1.2.3 Material developments

In June 2014, LCH.C Ltd was authorised under, and became formally subject to, the harmonised European regulatory framework for CCPs, Regulation (EU) No 648/2012 of the European Parliament and of the Council of 4 July 2012 on OTC derivatives, central counterparties and trade repositories (commonly known as EMIR). EMIR and its associated technical standards largely implement the principles within the Committee on Payment and Settlement System (CPSS)[5] and International Organization of Securities Commissions (IOSCO) Principles for Financial Market Infrastructures (the Principles) in the EU. At the same time, LCH.C Ltd was also recognised by the BoE as a ‘recognised central counterparty’ under UK legislation. In advising the Minister regarding LCH.C Ltd's application for a variation to its CS facility licence, the Bank assessed that the stability-related requirements in the EU regulatory regime, alongside the additional UK requirements that were in place at the time, were sufficiently equivalent to the CCP Standards.

LCH.C Ltd made a number of material changes to its policies and practices to ensure its compliance with EMIR and to meet UK recognition requirements. Many of these changes enhance LCH.C Ltd's compliance with the CCP Standards. These, and other material developments relevant to LCH.C Ltd's SwapClear service, are discussed in Sections 3.6 and 3.7.

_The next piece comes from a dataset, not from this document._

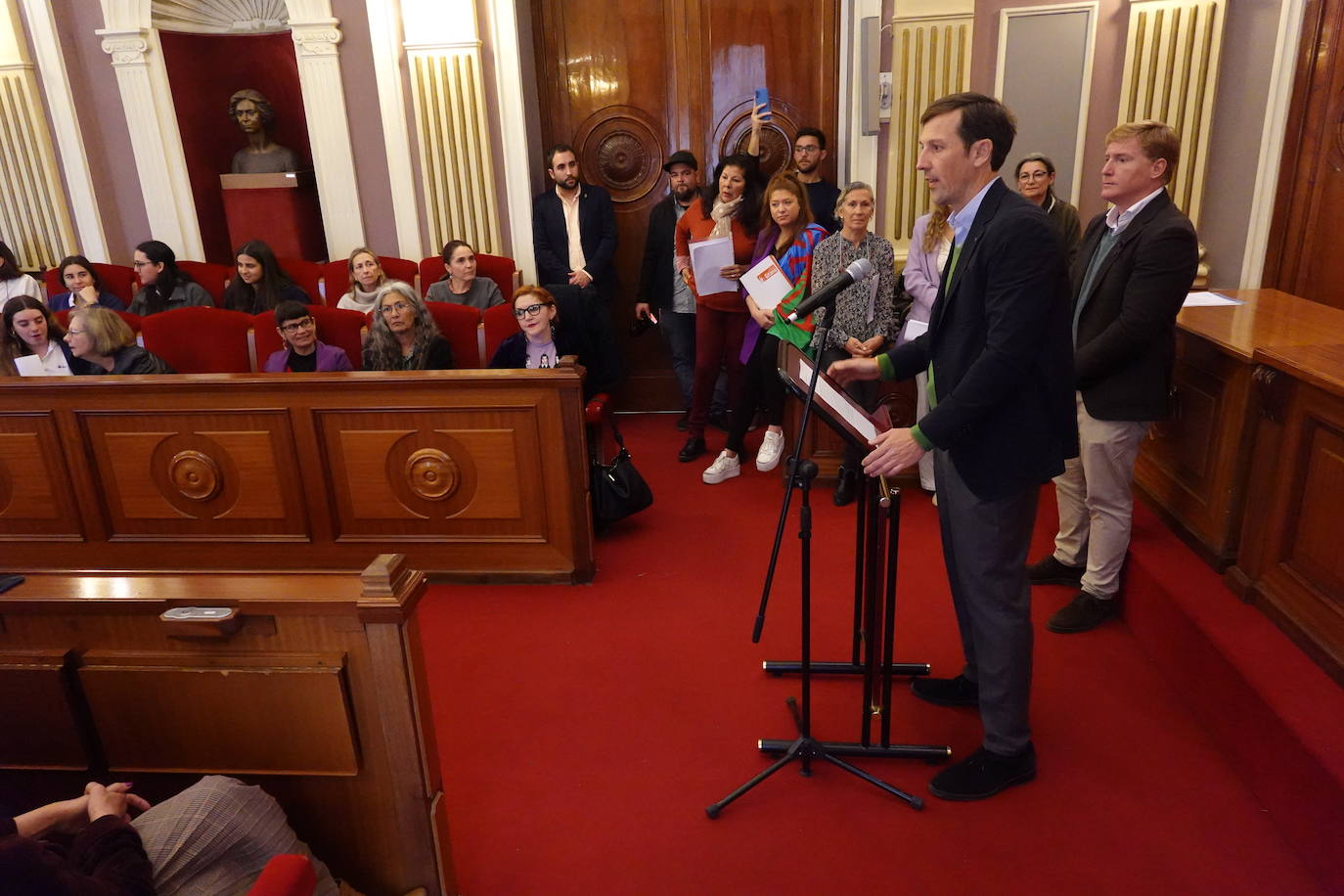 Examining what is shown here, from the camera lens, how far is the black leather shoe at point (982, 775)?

The remainder of this report is structured as follows. Section 2 summarises in tabular form the Bank's regulatory priorities with respect to its oversight of LCH.C Ltd. Section 3 draws out key developments over the Assessment period, including LCH.C Ltd's progress towards the Bank's regulatory priorities. Section 3 also describes LCH.C Ltd's regulatory and operating environment, as well as activity and risk management for the SwapClear service. The Appendix concludes with the Bank's detailed assessment of LCH.C Ltd's SwapClear service against the nine CCP sub-standards for which transitional relief expired during the Assessment period.

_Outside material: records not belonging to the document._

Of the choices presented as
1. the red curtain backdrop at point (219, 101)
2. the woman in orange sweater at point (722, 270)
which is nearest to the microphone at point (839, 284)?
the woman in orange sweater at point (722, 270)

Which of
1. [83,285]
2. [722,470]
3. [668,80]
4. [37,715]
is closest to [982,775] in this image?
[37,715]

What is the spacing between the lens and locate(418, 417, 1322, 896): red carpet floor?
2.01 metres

The Bank welcomes LCH.C Ltd's continued efforts towards ensuring its operations contribute to the stability of the Australian financial system and appreciates the cooperation of LCH.C Ltd staff and management during the preparation of this Assessment, and the open and constructive dialogue throughout the Assessment period.

The Bank has also engaged with the BoE throughout the same period, bilaterally and through the LCH.C Ltd Global College. The Bank looks forward to continuing the constructive dialogue.

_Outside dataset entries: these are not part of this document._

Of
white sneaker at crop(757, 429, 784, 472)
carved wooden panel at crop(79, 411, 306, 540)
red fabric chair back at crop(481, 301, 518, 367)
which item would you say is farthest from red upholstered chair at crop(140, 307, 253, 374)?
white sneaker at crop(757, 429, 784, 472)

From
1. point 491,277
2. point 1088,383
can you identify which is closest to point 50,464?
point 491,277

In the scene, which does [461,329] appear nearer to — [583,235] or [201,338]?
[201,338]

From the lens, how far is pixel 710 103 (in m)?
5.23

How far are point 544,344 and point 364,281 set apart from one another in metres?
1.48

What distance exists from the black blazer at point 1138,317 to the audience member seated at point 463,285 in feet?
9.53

Until June 2013, the Bank was obliged to carry out such assessments annually. A recent legislative amendment restricts the obligation to carry out annual assessments to CS facility licensees prescribed by regulation. No CS facility licensee has yet been prescribed for annual assessments. The Bank has nevertheless clarified in a policy statement that it is likely to carry out assessments of LCH.C Ltd on an annual basis; see ‘Frequency of Regulatory Assessments of Licensed Clearing and Settlement Facilities‘, available at <http://www.rba.gov.au/payments-system/policy-framework/frequency-of-assessments.html>. [1]

See RBA (2013), Assessment against the Financial Stability Standards for Central Counterparties of LCH.Clearnet Limited's SwapClear Service, June. Available at <http://www.rba.gov.au/payments-system/clearing-settlement/assessments/lch/>. [2]

For domestic CS facility licensees, the Bank's assessment reports discuss how well the licensee has observed each high-level standard. However, except in the case of special topics, the Bank does not separately classify the level of a CS facility's observance of each sub-standard. See ‘The Reserve Bank's Approach to Assessing Clearing and Settlement Facility Licensees’, available at <http://www.rba.gov.au/payments-system/clearing-settlement/standards/assess-csf-licensees.html>. [3]

The Bank may place reliance on an overseas regulator in respect of FSS for which a ‘materially equivalent’ standard is applied in the overseas regulatory regime, and the Bank receives satisfactory documentary evidence from the overseas regulator that the licensee has complied in all material respects with those requirements. The Bank is yet to formally consider the material equivalence for the UK regime. [4]

CPSS has recently been renamed the Committee on Payments and Market Infrastructures. [5]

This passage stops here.